In this study, we investigated the predictive power of several domains (baseline and improvement at week 2) on 12 week ‘combined treatment outcome’ (COMBOUT) in patients with schizophrenia. Possible predictors included demographics, baseline scores and early change scores for psychopathology, functioning/quality of life, subjective well-being, and extrapyramidal symptoms. In the first regression analysis (Model I), which focused on baseline variables, COMBOUT was predicted by a lower level of depressive symptoms, and better expert-rated quality of life (social and occupational functioning). In the second regression analysis (Model II), which focused on early change, COMBOUT was predicted mostly by increases in QLS and SWN-K, followed by decreases in PANSS and CGI-S at week 2. EPS variables were not predictors of COMBOUT in either model tested.
A number of reports in the literature have highlighted global measures of mental, occupational, and psychosocial functioning (e. g., Global Assessment of Functioning, useful work/QLS instrumental role domain, Medical Outcomes Study-Short Form 36-Item Health Survey) at the start of a study as predictors of subsequent treatment outcomes [22] [23] [24]. The current findings with the QLS total score, and specifically with the interpersonal and instrumental (occupational) domains, are consistent with these prior findings.
Similarly, we also observed lower baseline depressive symptoms to be predictive of a better ‘combined treatment outcome’. These results agree with previous research, patients with more severe depressive symptoms have been reported to have worse treatment outcomes [25] [26], although some studies have suggested otherwise [23] [27] [28]. The discrepancy might be explained by a number of factors, influencing the occurrence and course of depressive symptoms in schizophrenia (such as patient’s age, severity of positive, negative and cognitive symptoms, patient population, particularly acute vs. stable, institutionalized vs. non-institutionalized) [28]. Numerous long-term studies have indicated that of the different psychopathological domains, higher depressive symptoms are most strongly associated with lower QOL [29] [30] [31] [32], and lower subjective well-being [33] [34] in patients with schizophrenia.
Lambert et al. [12] had previously reported negative symptoms and CGI-S scores at baseline as predictive of a combined treatment outcome at 3 months. We did not find the PANSS total or CGI-S scores at baseline to be predictive of COMBOUT. Given that the PANSS total score was not predictive of COMBOUT, we conducted additional analyses on the PANSS positive or negative factor scores, which were also not predictive of COMBOUT (data not shown). Differences between the 2 studies may underlie these disparate findings, including that patients in the Lambert et al. study were all diagnosed with schizophrenia, had higher baseline CGI-S scores and lower SWN-K scores, used amisulpiride as the antipsychotic agent, and reported somewhat different measures for the PANSS.

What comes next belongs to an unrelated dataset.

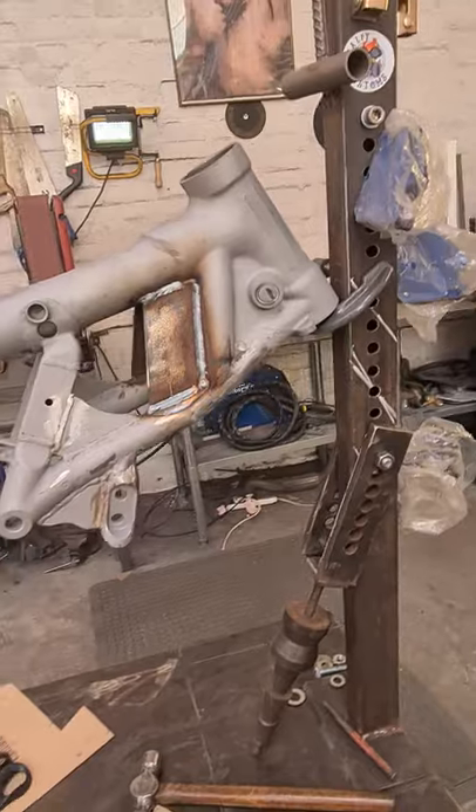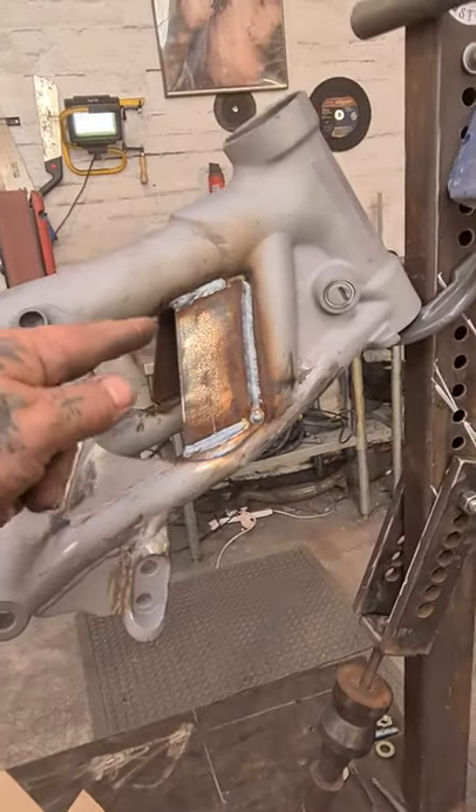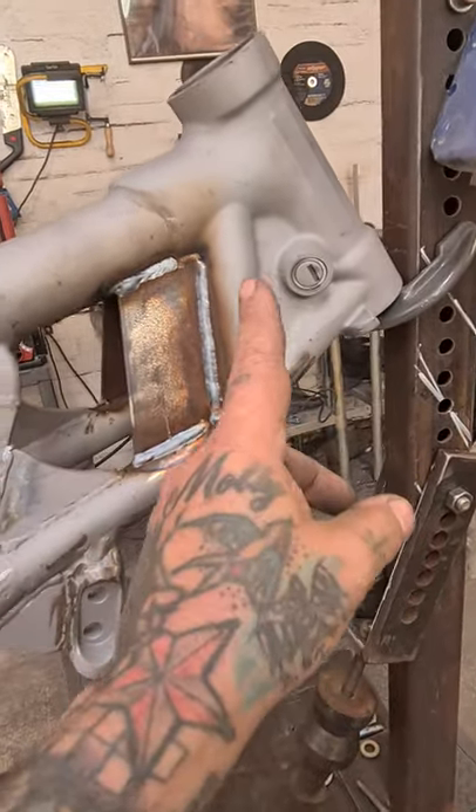But I wasn't happy with the top section of the frame, so I've smoothed bits out. I've added an extra plate and I know it looks a bit square and chunky, but the standard thing had these rails.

Early change at week 2 across a broad array of outcome domains – symptoms (PANSS total score, CGI-S), functioning/quality of life (QLS) and subjective well-being (SWN-K) – was predictive of COMBOUT. This finding was consistent with data reported by Lambert et al. [12] demonstrating that patients who achieved a pre-defined level of response across measures of symptoms (PANSS positive and negative scores, CGI-S), functioning (Scale of Occupational and Functional Assessment, SOFAs) and subjective well-being (SWN-K) at 4 weeks were predictive of a combined treatment outcome. Also consistent with Lambert et al. [12], we found that early change in functioning and subjective well-being showed the strongest relationship in predicting COMBOUT in comparison to symptom severity. This finding is also consistent with the de Haan et al. study [34] in which early improvement among first episode patients in subjective well-being, but not early improvement in PANSS, has been associated with enduring symptom remission [35]. These collective findings highlight the potential value of assessing early improvement in functioning and subjective well-being as potential prognostic indicators of a patient’s ultimate treatment response.

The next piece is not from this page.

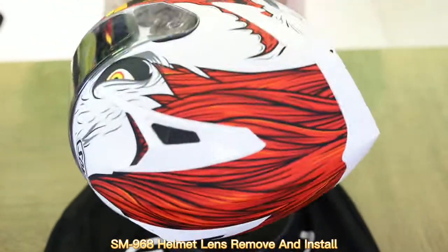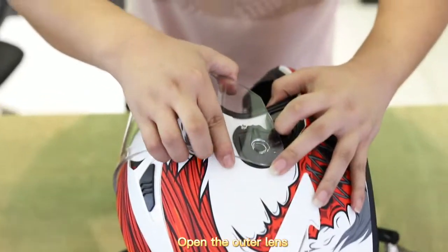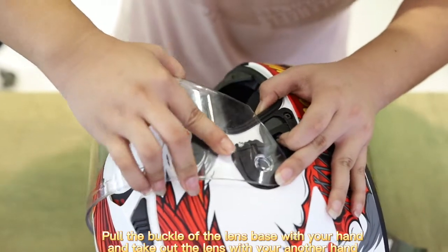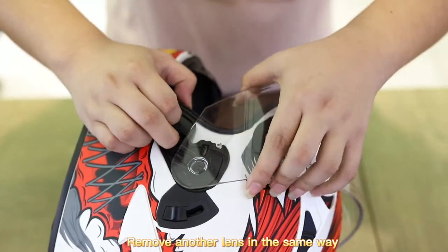SM968 Helmet Lens Remove and Install. Put the helmet on a soft cushion or cloth. Open the outer lens. Pull the buckle of the lens base with your hand and take out the lens with your other hand. Remove the other lens in the same way.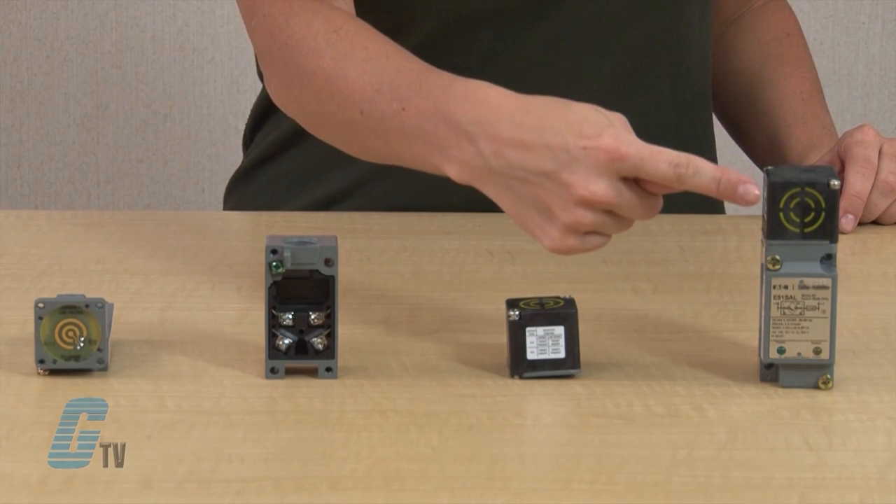E51 sensors feature long sensing ranges and a choice of top or side sensing heads. Alternate frequency units eliminate interference when mounted close to standard frequency units.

Surprisingly, while inclusion of the MADRS revealed a significant relationship between depressive symptoms at baseline and COMBOUT at endpoint, a similar relationship was not observed between COMBOUT and early change in the MADRS at week 2. Previous findings (from this dataset) revealed early improvement in MADRS scores during the initial 2 weeks of drug therapy [11]. These earlier findings, though, were based only on those patients treated with risperidone for the entire 12 weeks. A separate group of patients (early non-responders to risperidone who were switched to olanzapine after 2 weeks), were excluded from that analysis. These patients were included in the current study. Of interest, these patients had shown significantly greater improvement in the MADRS compared to early non-responders maintained on risperidone [6] and slightly different results in model II.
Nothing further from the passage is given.